> [GIVEN DATA]
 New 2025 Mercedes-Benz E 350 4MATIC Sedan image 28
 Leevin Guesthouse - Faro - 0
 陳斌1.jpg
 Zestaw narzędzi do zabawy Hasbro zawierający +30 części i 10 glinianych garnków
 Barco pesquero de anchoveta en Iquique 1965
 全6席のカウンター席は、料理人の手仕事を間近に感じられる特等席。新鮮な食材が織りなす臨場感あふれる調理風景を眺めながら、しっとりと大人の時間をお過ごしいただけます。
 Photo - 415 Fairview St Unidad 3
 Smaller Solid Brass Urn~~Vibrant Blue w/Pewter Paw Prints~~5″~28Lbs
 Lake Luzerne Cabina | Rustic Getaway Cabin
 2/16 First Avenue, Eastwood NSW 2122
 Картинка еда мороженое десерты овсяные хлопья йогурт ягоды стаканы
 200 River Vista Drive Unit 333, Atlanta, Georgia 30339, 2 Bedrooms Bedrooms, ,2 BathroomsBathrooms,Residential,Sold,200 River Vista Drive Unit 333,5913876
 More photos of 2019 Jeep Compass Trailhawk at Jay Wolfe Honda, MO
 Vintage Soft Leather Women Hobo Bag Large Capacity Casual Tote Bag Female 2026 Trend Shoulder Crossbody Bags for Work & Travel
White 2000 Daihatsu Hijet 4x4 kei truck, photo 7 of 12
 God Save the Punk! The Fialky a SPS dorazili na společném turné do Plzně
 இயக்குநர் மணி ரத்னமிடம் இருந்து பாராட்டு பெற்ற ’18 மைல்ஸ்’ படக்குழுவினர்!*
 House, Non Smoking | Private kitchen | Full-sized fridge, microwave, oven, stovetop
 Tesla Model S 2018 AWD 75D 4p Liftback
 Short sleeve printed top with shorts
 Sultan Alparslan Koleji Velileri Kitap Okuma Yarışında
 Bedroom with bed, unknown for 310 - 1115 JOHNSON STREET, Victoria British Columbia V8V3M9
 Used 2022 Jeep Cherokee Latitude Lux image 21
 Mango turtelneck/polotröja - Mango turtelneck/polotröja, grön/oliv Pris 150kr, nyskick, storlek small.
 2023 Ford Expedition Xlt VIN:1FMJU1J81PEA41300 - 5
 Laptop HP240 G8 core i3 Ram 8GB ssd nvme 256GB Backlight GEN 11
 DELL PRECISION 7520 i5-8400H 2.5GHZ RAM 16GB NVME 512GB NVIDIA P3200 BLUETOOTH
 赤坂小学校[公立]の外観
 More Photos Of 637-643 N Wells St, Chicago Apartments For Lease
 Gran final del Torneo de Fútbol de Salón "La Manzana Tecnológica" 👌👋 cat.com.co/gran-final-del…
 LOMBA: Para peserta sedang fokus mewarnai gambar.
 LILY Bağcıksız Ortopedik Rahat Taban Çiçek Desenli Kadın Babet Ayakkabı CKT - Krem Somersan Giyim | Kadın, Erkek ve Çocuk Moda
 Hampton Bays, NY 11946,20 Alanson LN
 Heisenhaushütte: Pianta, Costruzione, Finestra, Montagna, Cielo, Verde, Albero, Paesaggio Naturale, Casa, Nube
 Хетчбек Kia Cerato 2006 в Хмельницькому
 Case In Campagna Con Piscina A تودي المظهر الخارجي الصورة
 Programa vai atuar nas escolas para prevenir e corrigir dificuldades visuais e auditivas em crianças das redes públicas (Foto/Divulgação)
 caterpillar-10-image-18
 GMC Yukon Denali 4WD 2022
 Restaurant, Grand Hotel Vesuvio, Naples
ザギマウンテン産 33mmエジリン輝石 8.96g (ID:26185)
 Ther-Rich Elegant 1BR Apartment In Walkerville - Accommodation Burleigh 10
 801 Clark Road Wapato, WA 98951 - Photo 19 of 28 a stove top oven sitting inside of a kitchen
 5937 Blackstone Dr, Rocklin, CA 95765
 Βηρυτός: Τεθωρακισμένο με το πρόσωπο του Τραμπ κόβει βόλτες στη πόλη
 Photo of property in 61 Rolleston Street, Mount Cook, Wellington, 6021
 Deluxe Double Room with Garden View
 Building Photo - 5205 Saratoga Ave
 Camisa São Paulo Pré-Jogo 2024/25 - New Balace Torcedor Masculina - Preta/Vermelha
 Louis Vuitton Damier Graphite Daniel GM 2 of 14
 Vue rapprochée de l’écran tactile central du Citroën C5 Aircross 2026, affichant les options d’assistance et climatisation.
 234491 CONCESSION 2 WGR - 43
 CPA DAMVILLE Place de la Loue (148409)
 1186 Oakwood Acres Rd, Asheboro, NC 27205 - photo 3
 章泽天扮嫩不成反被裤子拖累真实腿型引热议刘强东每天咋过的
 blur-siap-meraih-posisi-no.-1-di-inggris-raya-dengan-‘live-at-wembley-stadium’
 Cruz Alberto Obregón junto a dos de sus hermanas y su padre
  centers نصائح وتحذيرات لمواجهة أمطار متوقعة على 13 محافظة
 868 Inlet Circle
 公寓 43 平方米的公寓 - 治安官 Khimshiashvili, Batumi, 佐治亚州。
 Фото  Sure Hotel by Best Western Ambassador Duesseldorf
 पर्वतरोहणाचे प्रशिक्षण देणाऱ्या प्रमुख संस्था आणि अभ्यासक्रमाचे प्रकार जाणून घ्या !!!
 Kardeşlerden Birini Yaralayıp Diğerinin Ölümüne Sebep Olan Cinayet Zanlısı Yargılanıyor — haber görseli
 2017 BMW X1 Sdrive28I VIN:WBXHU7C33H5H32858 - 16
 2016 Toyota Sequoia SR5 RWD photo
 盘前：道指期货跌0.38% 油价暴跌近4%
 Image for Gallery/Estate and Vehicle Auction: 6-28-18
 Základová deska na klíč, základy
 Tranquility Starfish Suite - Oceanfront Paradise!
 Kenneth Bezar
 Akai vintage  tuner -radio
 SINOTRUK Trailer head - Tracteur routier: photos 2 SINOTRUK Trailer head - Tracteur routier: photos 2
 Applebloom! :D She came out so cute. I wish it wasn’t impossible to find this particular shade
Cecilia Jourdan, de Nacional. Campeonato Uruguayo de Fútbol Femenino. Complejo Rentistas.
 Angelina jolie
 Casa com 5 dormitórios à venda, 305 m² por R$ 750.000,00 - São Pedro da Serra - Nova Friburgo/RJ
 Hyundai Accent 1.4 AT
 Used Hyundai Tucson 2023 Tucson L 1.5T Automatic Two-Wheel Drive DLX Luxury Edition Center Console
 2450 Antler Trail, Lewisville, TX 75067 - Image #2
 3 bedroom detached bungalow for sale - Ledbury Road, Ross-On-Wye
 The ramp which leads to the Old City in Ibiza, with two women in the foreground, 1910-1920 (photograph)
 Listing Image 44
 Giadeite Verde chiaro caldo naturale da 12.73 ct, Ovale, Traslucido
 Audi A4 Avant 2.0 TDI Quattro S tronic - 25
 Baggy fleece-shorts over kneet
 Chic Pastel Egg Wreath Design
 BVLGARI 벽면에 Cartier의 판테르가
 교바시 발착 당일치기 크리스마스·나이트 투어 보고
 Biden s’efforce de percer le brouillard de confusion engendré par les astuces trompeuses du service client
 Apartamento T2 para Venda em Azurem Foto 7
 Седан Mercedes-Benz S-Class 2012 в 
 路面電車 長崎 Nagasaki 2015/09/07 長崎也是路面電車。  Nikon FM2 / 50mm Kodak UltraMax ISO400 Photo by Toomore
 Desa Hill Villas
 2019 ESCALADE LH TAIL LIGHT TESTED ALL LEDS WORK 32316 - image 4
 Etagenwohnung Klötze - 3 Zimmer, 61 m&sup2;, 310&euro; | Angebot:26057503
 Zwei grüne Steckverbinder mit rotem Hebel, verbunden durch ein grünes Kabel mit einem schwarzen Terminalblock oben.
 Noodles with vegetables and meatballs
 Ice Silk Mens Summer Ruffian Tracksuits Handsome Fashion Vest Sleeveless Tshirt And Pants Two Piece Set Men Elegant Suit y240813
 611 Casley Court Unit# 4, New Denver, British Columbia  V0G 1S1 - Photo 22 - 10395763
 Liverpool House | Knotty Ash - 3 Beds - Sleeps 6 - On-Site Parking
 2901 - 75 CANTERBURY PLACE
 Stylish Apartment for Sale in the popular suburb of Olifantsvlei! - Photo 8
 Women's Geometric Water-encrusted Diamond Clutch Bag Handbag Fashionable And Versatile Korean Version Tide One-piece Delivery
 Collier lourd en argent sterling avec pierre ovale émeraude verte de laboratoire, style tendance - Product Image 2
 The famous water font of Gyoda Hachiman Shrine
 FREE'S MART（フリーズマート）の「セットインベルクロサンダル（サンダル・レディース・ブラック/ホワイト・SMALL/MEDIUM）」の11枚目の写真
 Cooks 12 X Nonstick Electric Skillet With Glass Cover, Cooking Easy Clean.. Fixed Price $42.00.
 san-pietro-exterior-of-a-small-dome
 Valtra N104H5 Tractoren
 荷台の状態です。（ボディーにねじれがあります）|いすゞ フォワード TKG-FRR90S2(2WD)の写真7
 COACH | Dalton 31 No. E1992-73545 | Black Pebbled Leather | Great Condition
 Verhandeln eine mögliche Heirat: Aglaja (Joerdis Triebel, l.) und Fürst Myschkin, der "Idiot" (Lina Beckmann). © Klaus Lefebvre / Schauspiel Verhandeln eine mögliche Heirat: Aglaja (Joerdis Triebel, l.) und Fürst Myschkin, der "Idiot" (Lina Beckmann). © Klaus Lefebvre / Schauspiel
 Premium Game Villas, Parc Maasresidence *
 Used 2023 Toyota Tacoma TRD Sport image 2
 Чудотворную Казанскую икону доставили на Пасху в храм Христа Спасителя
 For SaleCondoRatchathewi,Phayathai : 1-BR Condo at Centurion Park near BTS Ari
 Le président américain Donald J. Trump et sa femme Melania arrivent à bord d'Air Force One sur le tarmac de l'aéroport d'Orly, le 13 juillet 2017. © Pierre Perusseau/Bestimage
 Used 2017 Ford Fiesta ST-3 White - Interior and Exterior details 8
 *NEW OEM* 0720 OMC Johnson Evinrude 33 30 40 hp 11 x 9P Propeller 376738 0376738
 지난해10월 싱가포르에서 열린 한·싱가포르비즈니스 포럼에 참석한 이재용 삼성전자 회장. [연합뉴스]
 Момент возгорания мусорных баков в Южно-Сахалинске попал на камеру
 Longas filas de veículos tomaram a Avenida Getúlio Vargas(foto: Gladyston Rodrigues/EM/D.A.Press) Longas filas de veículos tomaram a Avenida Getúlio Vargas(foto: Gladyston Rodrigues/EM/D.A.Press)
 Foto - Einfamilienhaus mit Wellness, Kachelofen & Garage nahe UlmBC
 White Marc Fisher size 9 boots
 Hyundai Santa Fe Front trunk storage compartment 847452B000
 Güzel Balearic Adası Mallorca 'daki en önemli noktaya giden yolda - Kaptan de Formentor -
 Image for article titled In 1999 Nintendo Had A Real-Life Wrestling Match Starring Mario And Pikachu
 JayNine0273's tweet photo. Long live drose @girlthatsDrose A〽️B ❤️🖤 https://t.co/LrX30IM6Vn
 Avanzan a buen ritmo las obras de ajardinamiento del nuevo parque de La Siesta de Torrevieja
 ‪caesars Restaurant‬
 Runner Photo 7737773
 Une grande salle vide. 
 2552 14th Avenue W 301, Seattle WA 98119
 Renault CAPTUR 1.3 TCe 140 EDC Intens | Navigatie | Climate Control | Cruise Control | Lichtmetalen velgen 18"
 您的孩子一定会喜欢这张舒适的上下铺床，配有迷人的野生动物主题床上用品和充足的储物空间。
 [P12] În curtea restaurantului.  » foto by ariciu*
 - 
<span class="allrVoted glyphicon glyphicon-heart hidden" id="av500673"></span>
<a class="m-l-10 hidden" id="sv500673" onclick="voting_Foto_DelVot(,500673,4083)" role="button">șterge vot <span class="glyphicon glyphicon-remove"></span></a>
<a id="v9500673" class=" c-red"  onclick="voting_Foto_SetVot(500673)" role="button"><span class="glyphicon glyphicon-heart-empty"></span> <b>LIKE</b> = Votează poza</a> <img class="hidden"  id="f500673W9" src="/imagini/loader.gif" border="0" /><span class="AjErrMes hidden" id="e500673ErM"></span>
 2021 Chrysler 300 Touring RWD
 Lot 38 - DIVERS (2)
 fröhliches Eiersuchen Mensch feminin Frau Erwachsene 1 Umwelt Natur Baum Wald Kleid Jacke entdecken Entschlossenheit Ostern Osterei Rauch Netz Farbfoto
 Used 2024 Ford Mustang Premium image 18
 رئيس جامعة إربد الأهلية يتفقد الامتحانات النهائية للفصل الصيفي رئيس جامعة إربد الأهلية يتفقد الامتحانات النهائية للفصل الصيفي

> [PROBLEM] Out of the records, collect only those lines that contain the string "Villas".

> [RESPONSE AREA]
 Desa Hill Villas
 Premium Game Villas, Parc Maasresidence *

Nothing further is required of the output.